I think one of the articles pointed out that the NZSE was no longer able to sync between AKL and WGN, so the closed it (rather than crashing it). And what are the odds that Telecom is (a) a major share holder in NZSE and/or (b) a major vendor and/or (c) a major client (well we know this) - and either by force or political persuasion... ("... You don't need another Telco... We have five 9's uptime on our core network... We'll go somewhere else, if you go somewhere else...) got NZSE to use a single Telco for it's networking... Later'ish Craig BTW I see the list posting time is down to a few minutes now... [Disclaimer: While this is hauntingly familiar, it in no way represents the view of my employer...]

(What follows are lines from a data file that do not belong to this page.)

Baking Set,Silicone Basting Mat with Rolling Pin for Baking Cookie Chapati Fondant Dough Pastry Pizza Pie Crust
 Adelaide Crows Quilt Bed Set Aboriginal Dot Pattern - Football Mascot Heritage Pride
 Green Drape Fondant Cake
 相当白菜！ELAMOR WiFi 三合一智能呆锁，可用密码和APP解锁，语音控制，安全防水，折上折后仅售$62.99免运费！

-----Original Message----- From: John S Russell [mailto:jsr(a)jsr.com] Sent: Monday, June 20, 2005 2:27 PM To: Juha Saarinen Cc: nznog(a)list.waikato.ac.nz Subject: Re: [nznog] I think a rubber band just fell off.
On Mon, 20 Jun 2005, Juha Saarinen wrote:
"The fault, which happened around 10am, also crashed the New Zealand Stock Exchange..."
This is hyperbole, surely? I'd be fairly shocked if the NZSE internal systems themselves could be "crashed" by a fault in an external vendor. Access to the system from external points may be impacted, of course, but even then I'd have to do the Dance of Stupid[1] if the NZSE public and secure networks only used a single network provider for everything.